Relaymedia

Chinese Evangelical Pleased with Bush's Meeting with Christians

A prominent Chinese evangelical pastor, Hong Yu-jian said that he was pleased to hear that Bush will see evangelical house church representatives at the White House.
( [email protected] ) May 11, 2006 02:19 PM EDT

A prominent Chinese evangelical pastor, Hong Yu-jian said that he was pleased to hear that Bush will see evangelical house church representatives at the White House.

"When I heard this (news), I was happy. That was my first reaction and I support Bush’s decision to see the representatives," said the Vancouver-based pastor, who emigrated from China over ten years ago, and has been a favored guest-speaker at churches from North America to Southeast Asia.

U.S. president Bush will meet with three prominent Christians associated with China’s "underground" house churches – Yu Jie, Li Baiguang, and Wang Yi – at the White House, Thursday.

Bush, who considers himself a born-again Christian, has often urged Beijing to improve religious freedom in China, where believers are only allowed to worship in state-sanctioned churches that are closely-monitored by religious affair officials whom report directly to Beijing.
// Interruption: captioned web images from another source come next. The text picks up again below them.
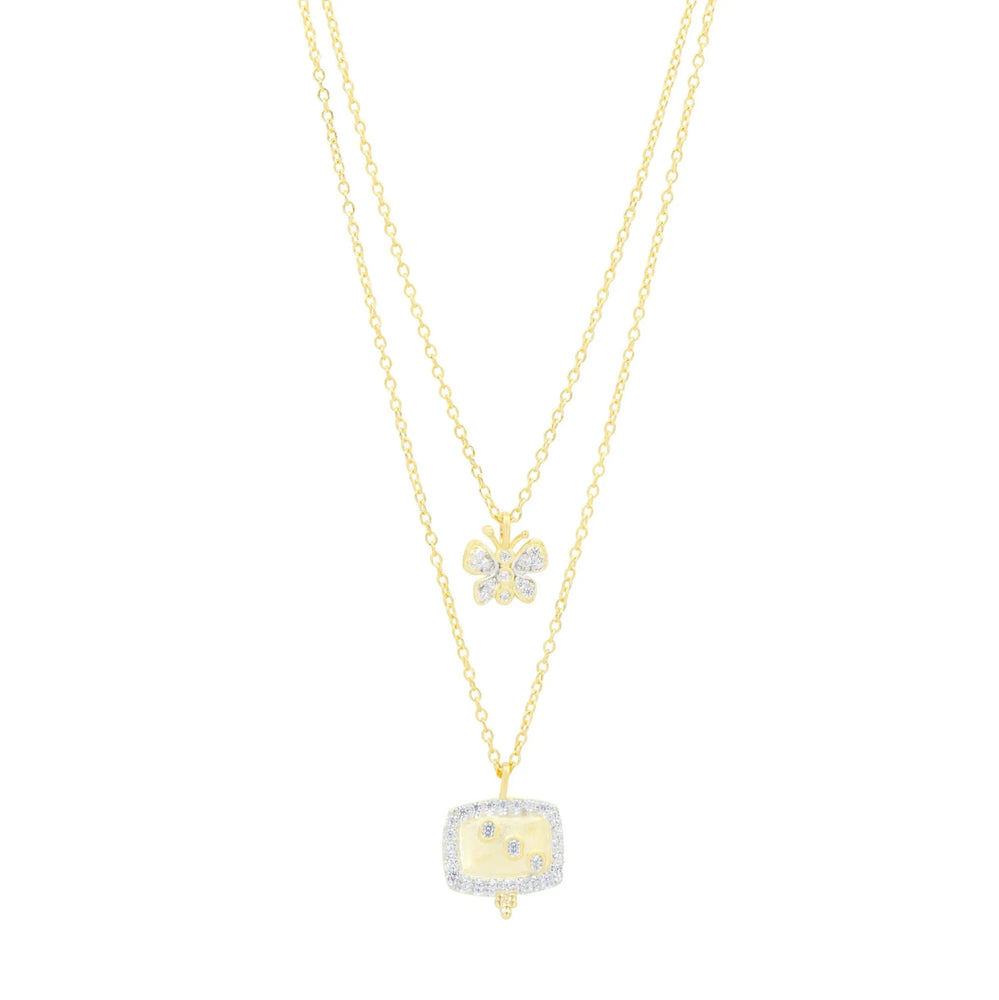 Freida Rothman Double Drop Butterfly Necklace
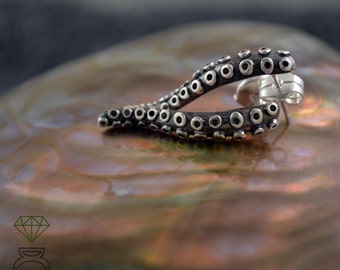 Octopus earrings,sterling silver earrings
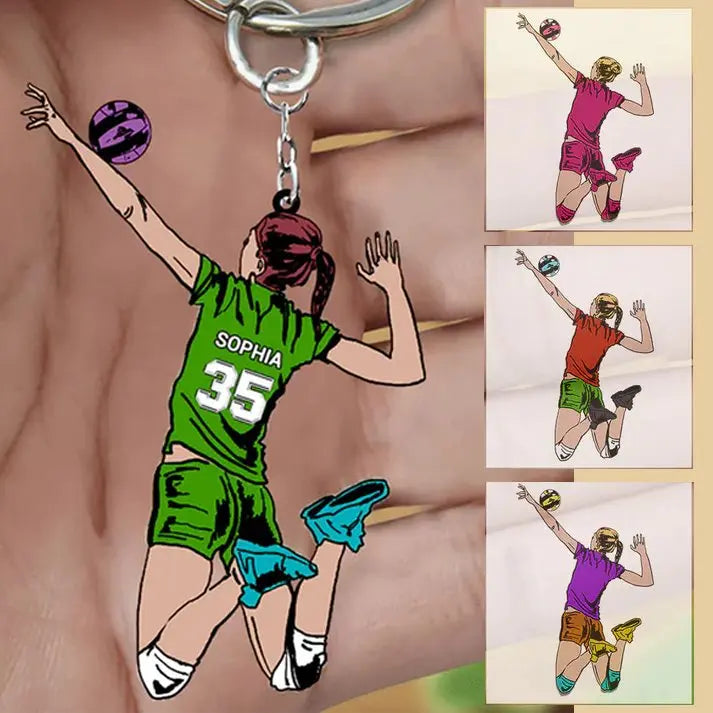 Volleyball - Attacking Volleyball Player - Personalized Acrylic Keychain Keychain The Next Custom Gift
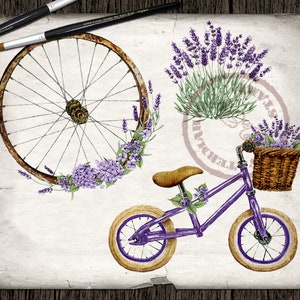 May include: A purple bicycle with a basket filled with lavender flowers. The bicycle has a rusty wheel and a wooden frame. The background is a vintage-looking paper with a stamp that says "Sentimental Stays".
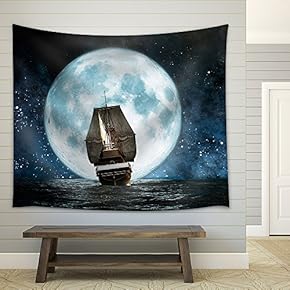 Moon, Boat and Reflection in The Water - Fabric Wall Tapestry Home Decor - 51x60 inches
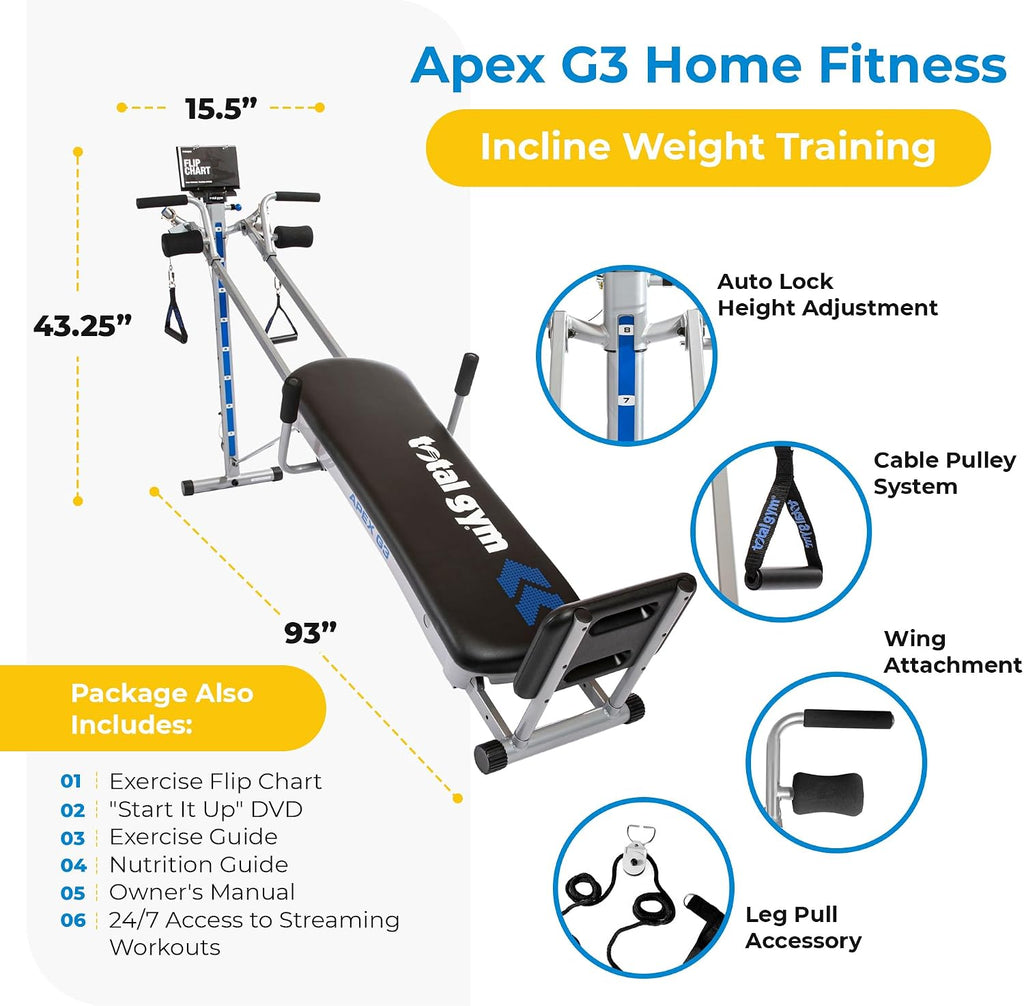 Total Gym Apex G3, Slim-Frame Incline Bodyweight Training Home Exercise Machine w/ 8 Levels of Resistance, Squat Stand, & Basic Accessory Set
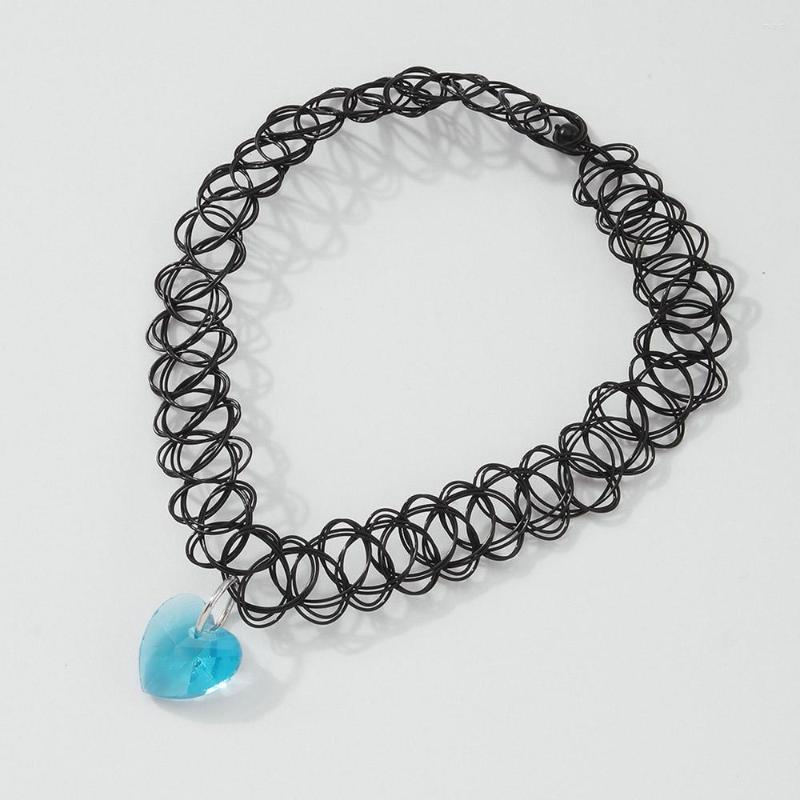 

Choker Vintage Short Stretch Elastic Gothic Punk Women Neck Jewelry Tattoo Black Fishline Heart Pendant Necklace Chocker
The U.S. president raised up religious freedom questions during his visit to Beijing in November and during China President Hu Jintao’s visit to the White House in April.

In past weeks, China has come under pressure to improve its stance on religious freedom and human rights, especially with the media scrutiny that will follow during the 2008 Summer Olympics in Beijing.

Hong said that though "some people may not like what Bush does" because they feel that "he shouldn’t interfere with religious affairs," what the U.S. president is doing is moral because "this is about human rights."

"All people were created by God’s image…and are precious in His eyes…and do not deserve to be prevented from enjoying their human rights," Hong told the Gospel Herald in a telephone interview.

Beijing has insisted that it is supportive of religious freedom in China, and has often cited the number of Bibles printed domestically as proof.

"The Chinese government really desires to give an image of religious freedom…and…wants to take its place in the international community," says Hong, who pointed out the recent China Bible Exhibition soon to be held in Atlanta indicates this desire.

The Canadian-church pastor, nonetheless, emphasized that if "Chinese house churches cannot have freedom to worship freedom and not face pressures to conform with regulations… of government churches, and not fear arrests by police, then we cannot say there is religious freedom in China."

Discussion on religious freedom heated up on domestic-Chinese discussion boards and forums after reports of the upcoming White House meeting surfaced, Tuesday. However, several sites were inactive by at least Wednesday afternoon, though it cannot be confirmed if government-censors were involved.

The White House meeting scheduled for Thursday comes just as Beijing faces a dispute with the Vatican over the power to appoint Chinese Catholics and Rome’s subsequent accusations that China violated human rights by coercing Catholic leaders to bless the consecrations of two Bishops without papal blessing.